Security Testing

In line with other elements associated with team quality, we depend on testing to verify that we have achieved the goal. Security testing is an important part of this, as it allows us to demonstrate that the delivery is not vulnerable to certain attack methods.

Security testing should always be an element of all deliveries. Many associate security testing with penetration testing, but it is much more than that. Some forms of testing can be done automatically as part of CICD, while others are more manual and typically performed against a deployed solution.

Before starting security testing, it is important to understand what it can provide you - there is no single measure that solves all security problems, and no single test method that uncovers all weaknesses. Security testing is also one of the areas that often require specific expertise for the results to be good and/or interpreted correctly.

Warning

The use of tools like nmap and others used in connection with security testing must always be clarified with the owners of infrastructure and network, as it is difficult to distinguish between friendly testing and malicious attacks. This also applies internally at Bouvet; Intern-IT & Security must always be in the loop before you start a security test!

If this is not taken into account, it can have consequences, both for the customer relationship and for technical solutions against the network provider and Microsoft.

Test Environment

When conducting security testing against a running environment, it is important to always clarify this well in advance. Many types of testing can be destructive, so if the environments are not sufficiently separated, you risk affecting other environments than intended.

A good solution, especially if using infrastructure-as-code (IaC), is to have a pipeline that deploys a dedicated environment for security testing. If this is designed into the delivery from the start, it is often easy to set up environments identical to the production environment, where you can also copy databases and possibly run anonymization processes on the data.

Static Application Security Testing (SAST)

Static code analysis is a low-threshold technique that analyzes the code with dependencies to find weaknesses. SAST can be carried out completely automatically, and there are many good tools that can integrate this into CICD so that you can scan as part of the processes here.

SAST only checks the solution being created; it does not reveal anything about the configuration of the runtime environment, network, or other surrounding dependencies. Tools used to perform SAST are language-specific, so it is important to understand which tools provide the best results for the language and possibly framework used.

Dynamic Application Security Testing (DAST)

In contrast to SAST, DAST is a technique where a solution is tested in a running state.

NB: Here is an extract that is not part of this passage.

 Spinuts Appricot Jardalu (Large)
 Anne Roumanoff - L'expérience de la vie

This is a language-agnostic test method, where, for example, a web application is tested by testing the frontend solution to find weaknesses. DAST can be automated, but often needs to be run manually for certain types of weaknesses to be tested.

DAST will only cover functionality exposed in the running solution, so if there is code that is part of the solution but not accessible to the DAST tool, it will not be tested either.

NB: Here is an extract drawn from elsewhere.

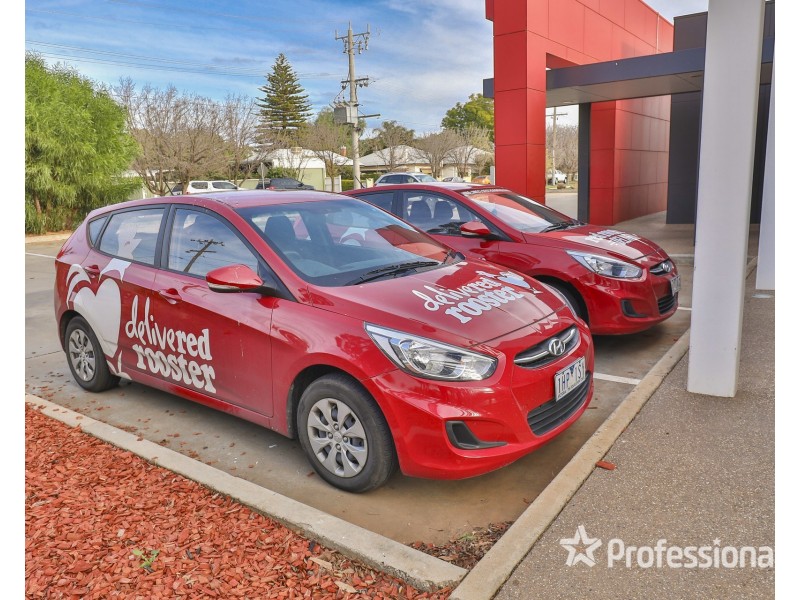 237 Deakin Avenue, Mildura VIC 3500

Security testing of AI systems

Solutions that use artificial intelligence introduce security testing needs that go beyond traditional SAST and DAST. AI systems must be validated to ensure they behave as expected and do not introduce new vulnerability vectors.

Validating AI models

AI models should be validated for:

Accuracy and performance: The model must meet defined quality requirements under expected usage conditions.
Bias and fairness: Tests to detect whether the model discriminates based on sensitive attributes.
Robustness: Testing how the model behaves with unexpected or adversarial input.
Hallucinations: Verifying that the model does not generate false information or unsafe patterns.

Validation of AI models often requires domain-specific expertise and should be part of the responsibility of data and ML teams, not only information security.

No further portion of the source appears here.